For more than three months, the theater community waited with bated breath for the announcement of BETC’s new leaders and the next steps. The silence was broken on March 30, when the theater announced that BETC’s board of directors had unanimously voted to hire Jessica Robblee as artistic director and Mark Ragan as managing director. Both Robblee and Ragan have been active in the Colorado theater community for years and are fierce supporters of BETC.

Jessica Robblee
Courtesy of BETC
“Stephen and Rebecca are heroes,” says Ragan. “They have done so many years of nonstop work alongside Heather Beasley, and the BETC ensemble members are amazing as well. We feel the awesome responsibility of continuing their work.”
And while Ragan and Robblee acknowledge that they have a tough act to follow, the incoming leaders are accomplished artists who believe they have what it takes to continue BETC’s impressive legacy.

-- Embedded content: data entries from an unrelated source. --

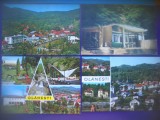 HOPCT LOT 4084 -4 CARTI POSTALE-OLANESTI -JUD VALCEA-NECIRCULATE, Necirculata, Printata
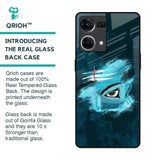 Power Of Trinetra Glass Case For OPPO F21 Pro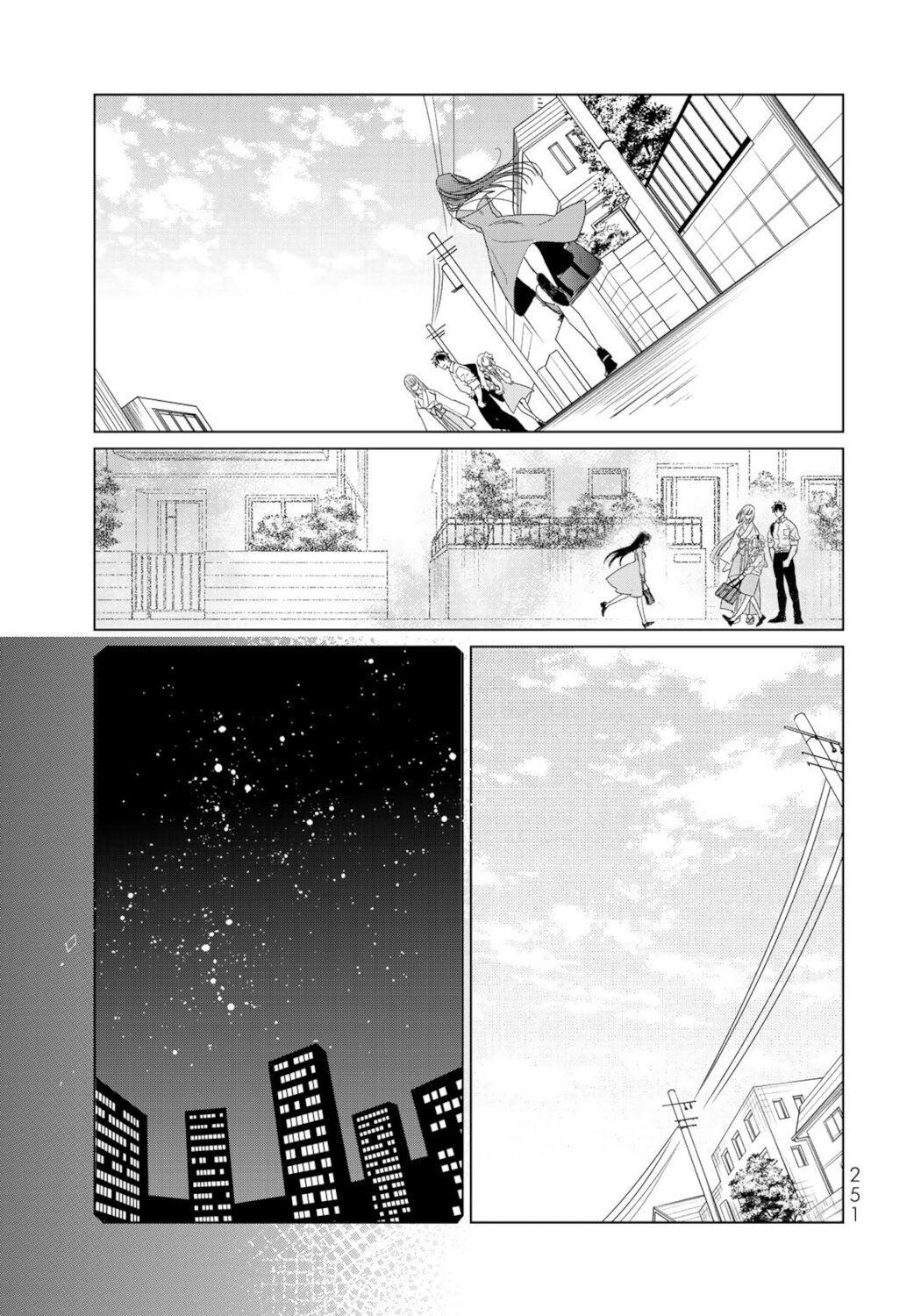 Kuroha & Nijisuke: Black Witch’s Divertimento Chapter 22 page 21 - Chapter 22: Happiness
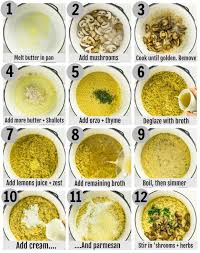 Thus, it is very easy to cook orzo. Mushroom Orzo Risotto Recipe No Spoon Necessary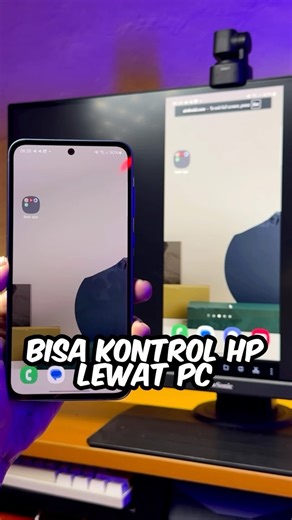 Irfan Chaniago on Instagram: "Lu bakal nyesel kalo gak coba aplikasi ini !! #tutorial #airdroidpersonal #airdroid"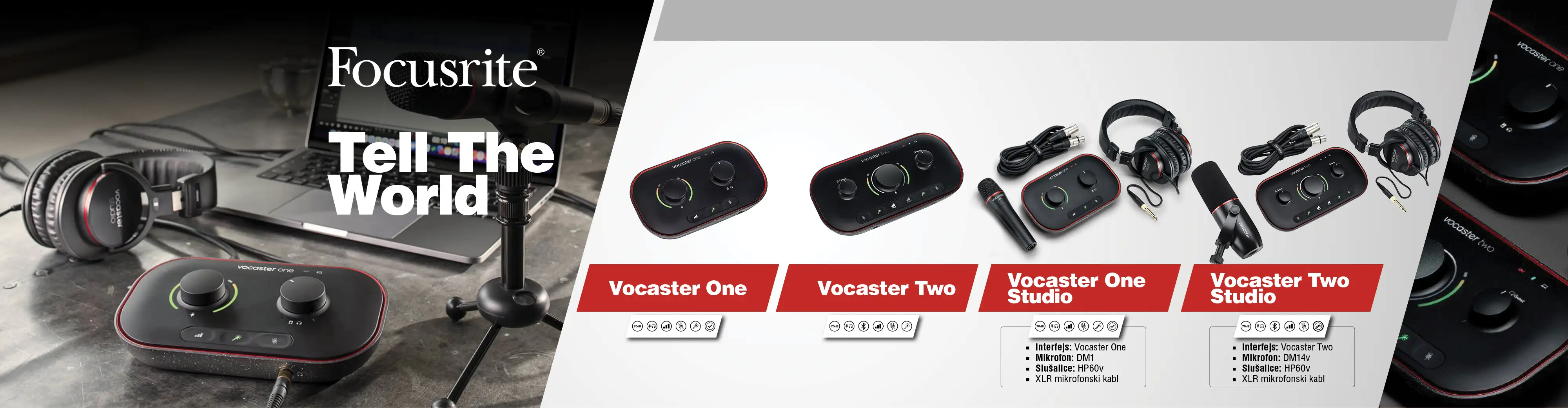 focusrite vocaster                                                                                                                                                                                                                                             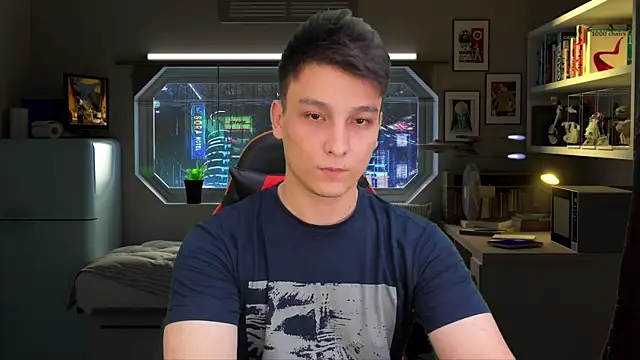 Justin_time111: вебкам-шоу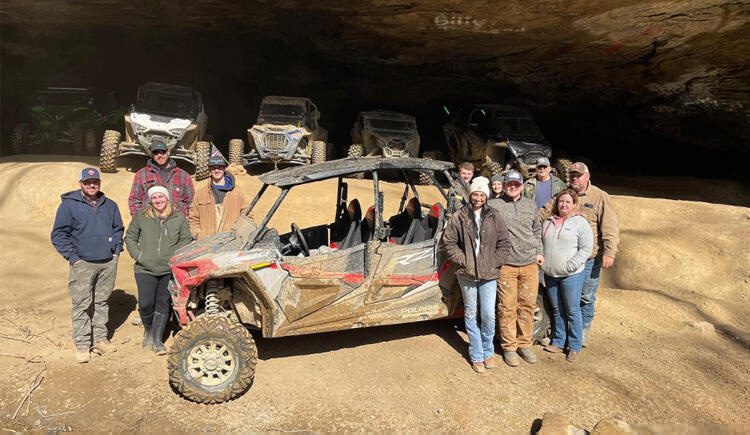 RZR Rentals in Red River Gorge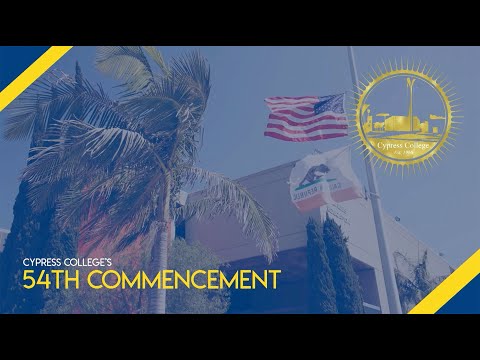 Cypress College Summer 2021​ - 01/2022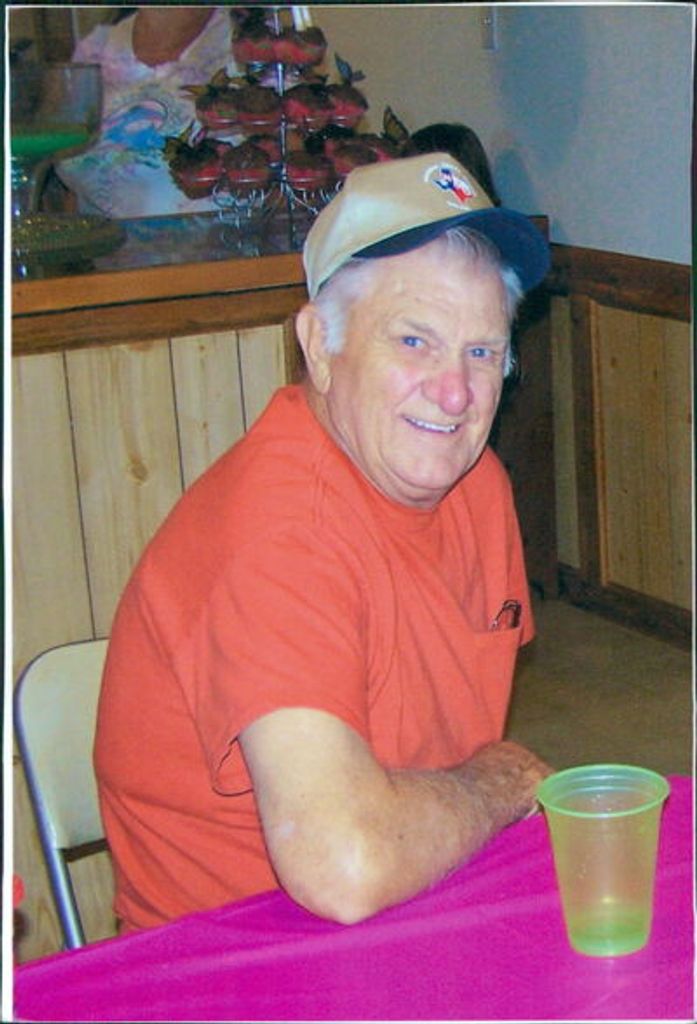 Charles "Freddie" Frederick Parrish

Robblee is a director, writer, teacher, producer and Equity actor who has created theater in Colorado for more than twenty years. She served as a director for Buntport Theater for twelve seasons, where she performed 103 episodes of a fortnightly original comedy series, 37 episodes of a monthly original comedy series, and six original touring shows. Her work with Buntport Theater led to a partnership with the Denver Art Museum, where she created plays to educate students and families about art.
She has won a number of awards – including a 2015 Best of Denver for Best Actress in a Comedy – for her work with many theater companies in the area, including the Arvada Center Black Box Repertory Company, Buntport Theater, the Colorado Shakespeare Festival, Curious Theatre Company, the Denver Center for the Performing Arts and many more.

Mark Ragan
Courtesy of BETC
Ragan is a former national political reporter who covered the White House and Congress in the 1980s and 1990s. He left journalism to found Ragan Communications and PR Daily, a nationally recognized content and communication company in Chicago, which he grew to over $12 million in sales. After retiring from his business, he embarked on a career as an actor, director and producer in the Boulder and Denver areas.
His 2021 production of It’s a Wonderful Life: A Live Radio Play, which he directed for Breckenridge Backstage Theatre, was nominated for six Henry Awards and won three.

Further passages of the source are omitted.